APA Headings and Subheadings
Headings and sub-headings are useful for organizing a text. Often times readers will use them to find specific information in a quick fashion. When making a heading it is important that the author makes it stick out. This may be done by using bigger, bolder print that is usually underlined. Sub-headings may also be bigger than normal text, but are still smaller than the heading to show that they fall under the overlying category that the main header established. For example, the heading “Mammals” may have a brief description of mammals followed by the following sub-headings: Felines; and Canines. From there, different types of felines and canines may be described, but they all still fall under the category of mammal, even though they are different.
Headings and Subheadings
Many informative texts, especially textbooks, employ the use of headings and subheadings to help organize the text for the reader. Headings and subheadings can be very helpful to the reader, because they prime the reader’s brain for what they are about to read and they help the reader find certain information in a text that might take a while to find otherwise.

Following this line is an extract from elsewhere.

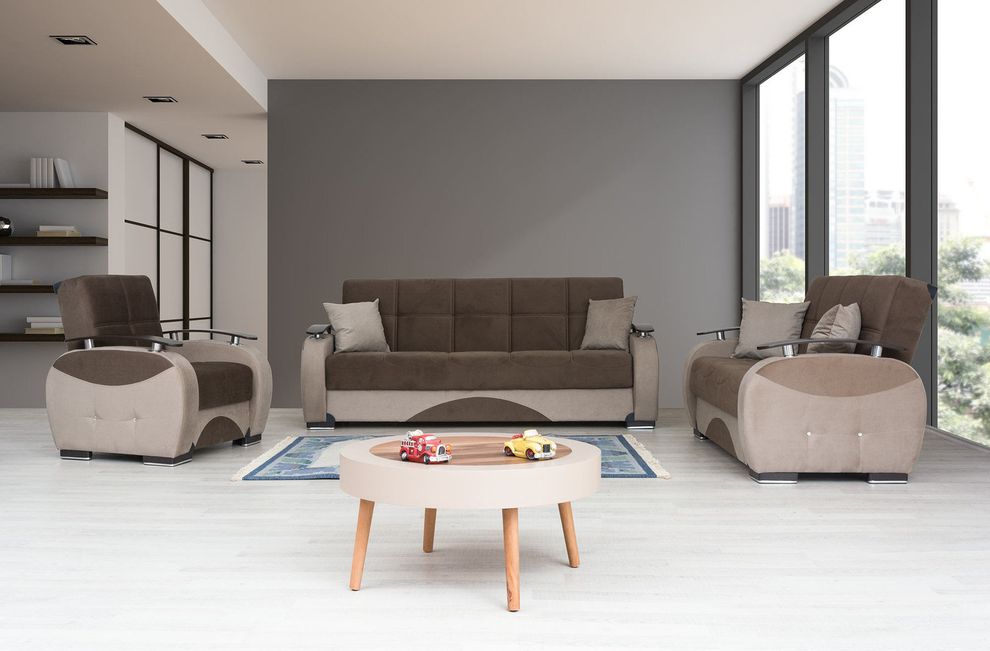 Quality two-toned sofa / sofa bed w/ storage by Alpha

Look at this example up here on the board. “Amphibians” right here is an example of a heading, and “frogs”, “salamanders”, and “newts” are examples of subheadings. Notice that “amphibians” is written in all caps and underlined, because it might be underlined or italicized in the actual text. “Frogs”, “salamanders”, and “newts” are still underlined and written largely, but not as largely as “amphibians”. They’re also not in all caps. This is because the heading to stick out the most. This is the largest, most general topic.

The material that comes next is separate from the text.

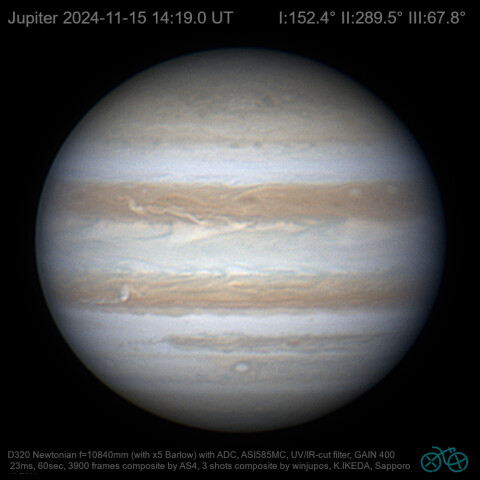 2024/11/15 UT 木星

After “amphibians” there might be a brief introduction about amphibians, and then it’ll go into specifics about frogs, salamanders, and newts. These are all subheadings, because we’re not starting a new topic here. We’re still talking about amphibians. All of these animals right here are amphibians. That’s why we’re not starting a new heading. Instead, we’re just talking about a subheading.
We have this subheading here, it’ll talk a little bit about frogs, then a little bit about salamanders, then a little bit about newts, then it will go to the next heading which may be “mammals”. Remember to use subheadings and headings to your advantage as a reader.